When one is heading for divorce; they need to find answers about spousal support. In most marriages, you will find one partner being financially stable than the other. For instance, one partner may have a well-paying job while the other one may be staying at home taking care of the children. The source of wealth could be from a family or from wealthy relatives. It is a common thing to find the less earning spouse asking the court during a divorce case to order the higher earning spouse to pay the other monthly support. The essence of this article is to discuss whether one can waive their right to spousal support in Washington state.
Unlike in other states, in Washington, spouses are required to split the marital estate fairly between every partner. By marital property we mean assets that includes all income earned by a husband or wife during the marriage, all property acquired with a spouse’s income during the marriage, and any property acquired with joint or marital funds during the marriage.

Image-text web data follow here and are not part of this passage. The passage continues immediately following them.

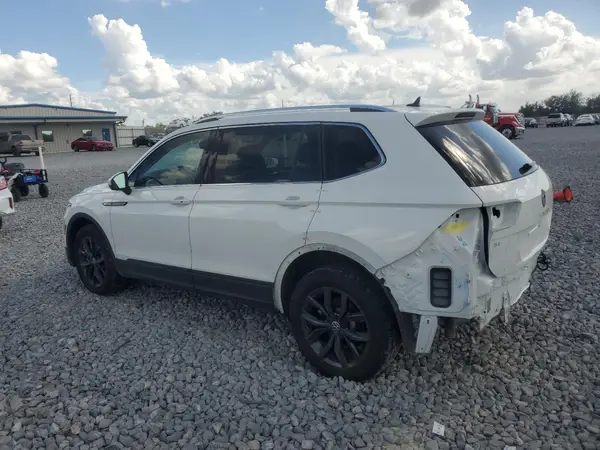 3VV2B7AX2RM071963 2024 VOLKSWAGEN TIGUAN - Image 2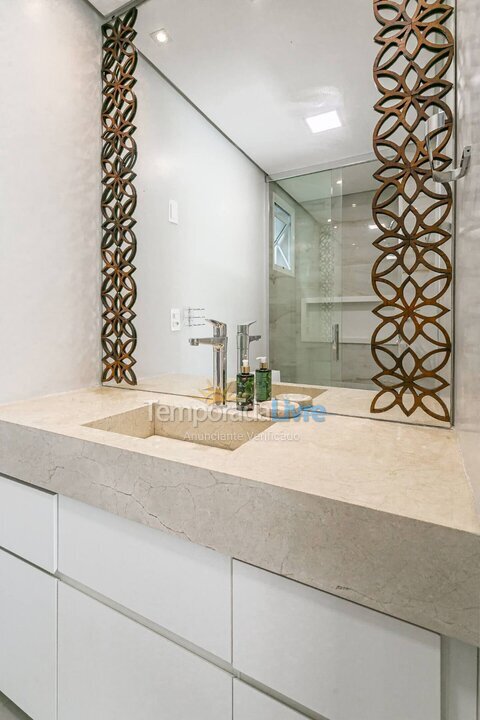 Apartamento para aluguel de temporada em Florianopolis (Campeche)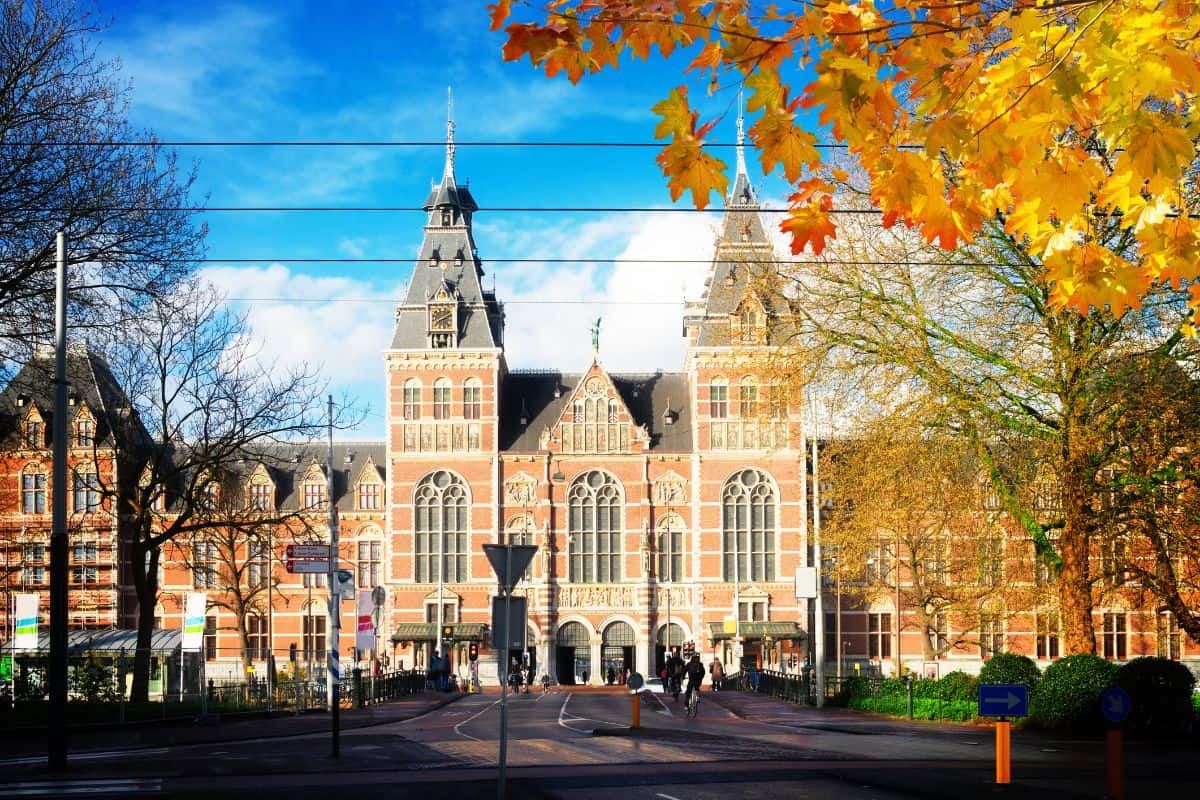 the rijksmuseum in amsterdam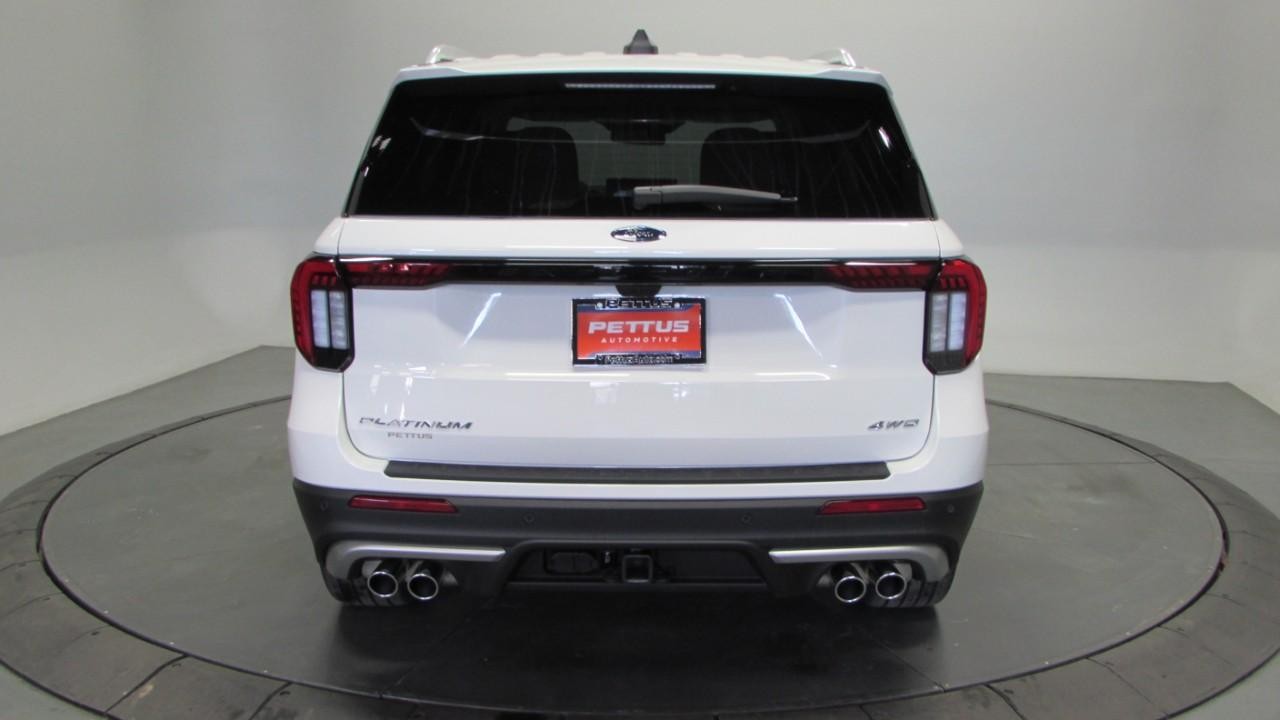 2025 Star White Metallic Tri-Coat Ford Explorer Platinum 4X4 SUV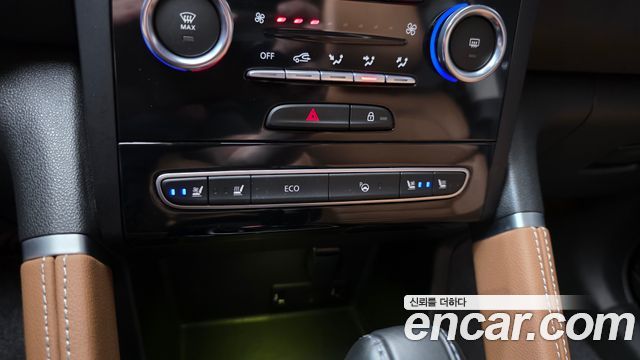 Renault Korea QM6 2.0 LPe RE Signature 2WD 2023 — фото 16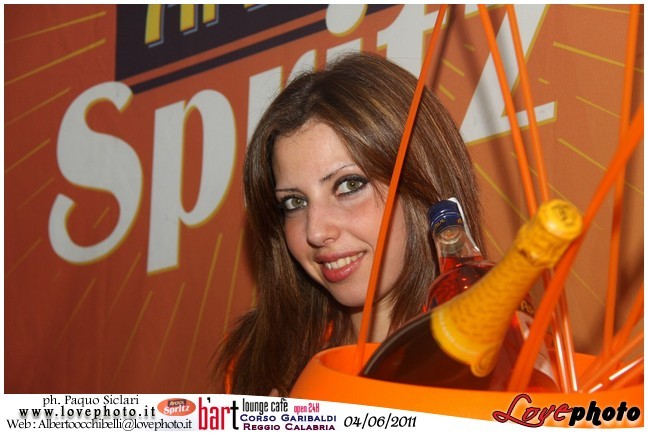 058BartCafe_Aperol_Spriz_LovePhoto_04062011.jpg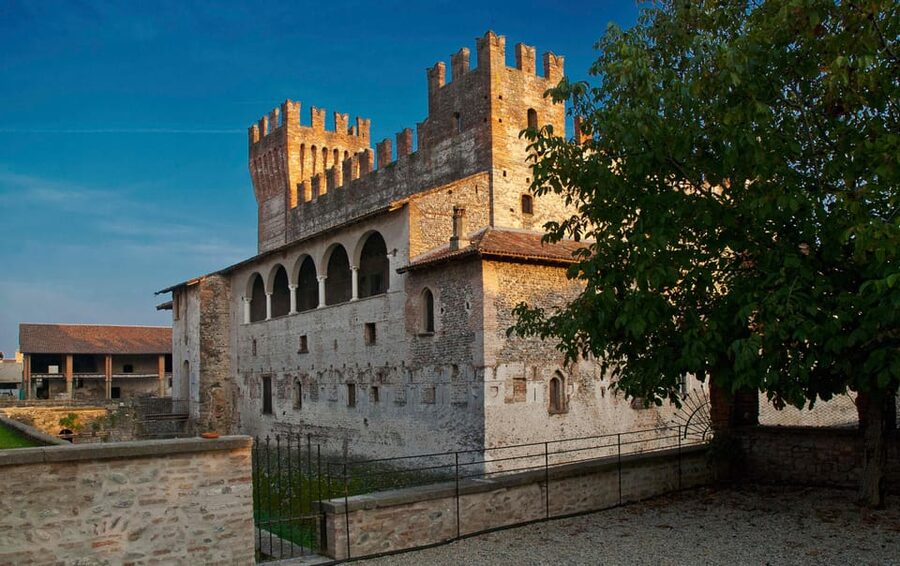 Malpaga Castle ticket with audioguide included - Frescoed rooms from 1400 to 1600: what you’re really looking at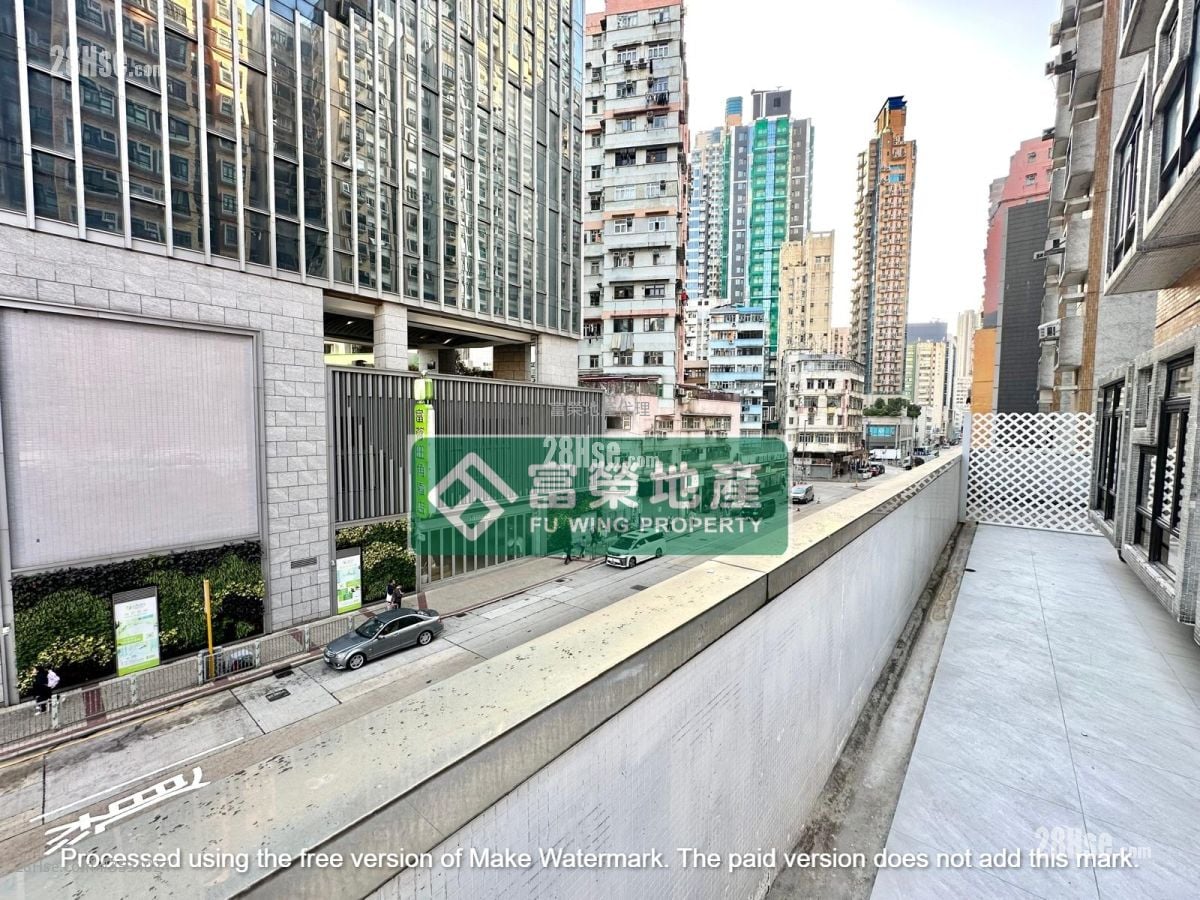 Royal Building Sell 3 Bedrooms , 2 Bathrooms 391 ft²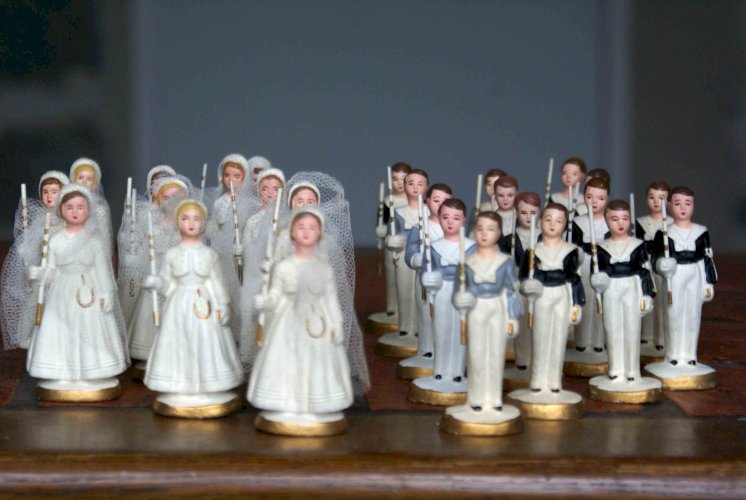 figurine de communion en platre et papier maché
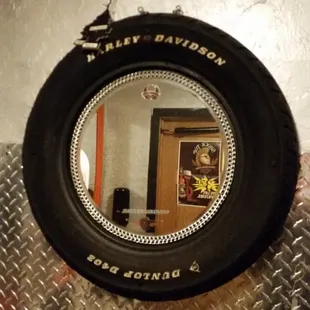 Men&apos;s room.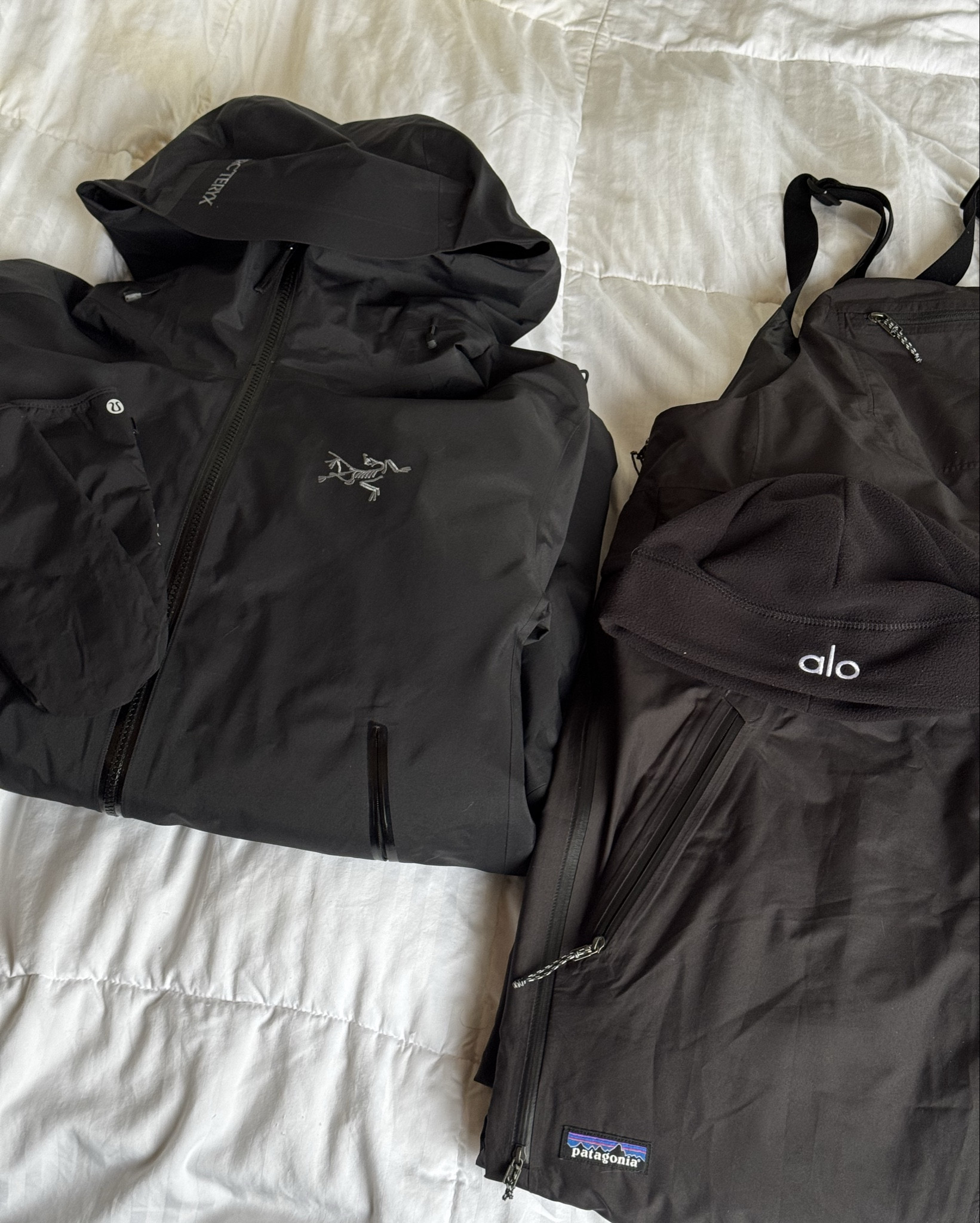 Everything I packed for the farm

Ski bib - s
Ski coat - m
Ready to rulu - 2
Fleece pullover - 2
Fleece pants - 4
Alo bra - xs
Yoga hoodie - m
Nike t - s
Alo boyshort - xs
Drew hoodie - m
Super world sweats - s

Also, during a divorce case, the judge may order one spouse to pay the other spousal maintenance. Spousal maintenance, also known as alimony can be likened to child maintenance support payments, however, in this case, they are meant to a spouse and not a child. Unlike child support, the parties to a marriage can agree to give up their right to receive spousal maintenance payments.
First and foremost, spouses can create pre and post-nuptial agreements as such agreements can go a long way in waiving the spousal support. The agreements are vital since they outline what each spouse is entitled to in the event that the marriage should end. During divorce cases, the courts will allow a spouse to waive his or her right to support so long as the waiver is made knowingly, willingly, and without duress or intimidation. For the court to approve the waiver, it needs to made in writing, and must be signed by both parties. For the waiver to be valid, you also need to have a lawyer who will explain the agreement to the person signing up his or her rights, and the waiver should include a listing of each of the parties’ assets, debts, and income.
Both spouses need to see the waiver to be fair to both of them for it to be passed. The beauty about solving the spousal support cases in a court of law is that the court will not allow a person to be left with nothing.